■ Information
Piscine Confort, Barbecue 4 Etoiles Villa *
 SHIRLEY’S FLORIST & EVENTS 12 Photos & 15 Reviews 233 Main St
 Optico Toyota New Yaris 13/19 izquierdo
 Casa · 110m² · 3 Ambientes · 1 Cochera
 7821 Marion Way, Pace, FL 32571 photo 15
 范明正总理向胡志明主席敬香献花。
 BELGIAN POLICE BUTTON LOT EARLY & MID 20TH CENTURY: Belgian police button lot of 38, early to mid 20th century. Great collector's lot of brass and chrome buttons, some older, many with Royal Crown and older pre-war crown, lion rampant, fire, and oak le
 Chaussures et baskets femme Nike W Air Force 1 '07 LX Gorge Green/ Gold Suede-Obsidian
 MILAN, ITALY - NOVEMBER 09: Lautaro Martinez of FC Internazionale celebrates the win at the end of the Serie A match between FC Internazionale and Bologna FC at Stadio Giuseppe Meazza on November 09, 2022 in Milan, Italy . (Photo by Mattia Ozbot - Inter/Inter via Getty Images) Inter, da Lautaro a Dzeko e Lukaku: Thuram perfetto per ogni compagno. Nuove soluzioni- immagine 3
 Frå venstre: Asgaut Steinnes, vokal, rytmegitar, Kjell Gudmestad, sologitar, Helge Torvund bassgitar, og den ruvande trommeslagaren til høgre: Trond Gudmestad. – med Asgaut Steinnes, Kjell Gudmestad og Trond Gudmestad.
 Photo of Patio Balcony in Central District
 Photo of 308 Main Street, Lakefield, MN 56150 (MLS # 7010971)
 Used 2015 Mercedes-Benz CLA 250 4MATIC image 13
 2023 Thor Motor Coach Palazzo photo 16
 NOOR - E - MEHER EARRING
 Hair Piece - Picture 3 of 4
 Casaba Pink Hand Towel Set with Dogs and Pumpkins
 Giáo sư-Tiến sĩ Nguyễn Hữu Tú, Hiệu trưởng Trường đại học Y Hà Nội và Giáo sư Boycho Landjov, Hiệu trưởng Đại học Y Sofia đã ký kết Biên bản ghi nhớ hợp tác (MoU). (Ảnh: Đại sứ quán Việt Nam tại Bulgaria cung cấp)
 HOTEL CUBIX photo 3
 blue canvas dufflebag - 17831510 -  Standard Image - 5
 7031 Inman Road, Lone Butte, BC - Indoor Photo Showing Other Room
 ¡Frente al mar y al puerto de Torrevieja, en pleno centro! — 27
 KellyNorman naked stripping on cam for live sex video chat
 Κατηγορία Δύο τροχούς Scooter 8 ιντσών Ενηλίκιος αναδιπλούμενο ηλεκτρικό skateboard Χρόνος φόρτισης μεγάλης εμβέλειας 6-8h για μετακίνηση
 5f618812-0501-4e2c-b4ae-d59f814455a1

■ To do
Would you please write out, exactly and with no other lines, the stretch of the listing above from the line containing "Chaussures et baskets" through the line containing "MILAN, ITALY - NOVEMBER"?

■ Solution
 Chaussures et baskets femme Nike W Air Force 1 '07 LX Gorge Green/ Gold Suede-Obsidian
 MILAN, ITALY - NOVEMBER 09: Lautaro Martinez of FC Internazionale celebrates the win at the end of the Serie A match between FC Internazionale and Bologna FC at Stadio Giuseppe Meazza on November 09, 2022 in Milan, Italy . (Photo by Mattia Ozbot - Inter/Inter via Getty Images) Inter, da Lautaro a Dzeko e Lukaku: Thuram perfetto per ogni compagno. Nuove soluzioni- immagine 3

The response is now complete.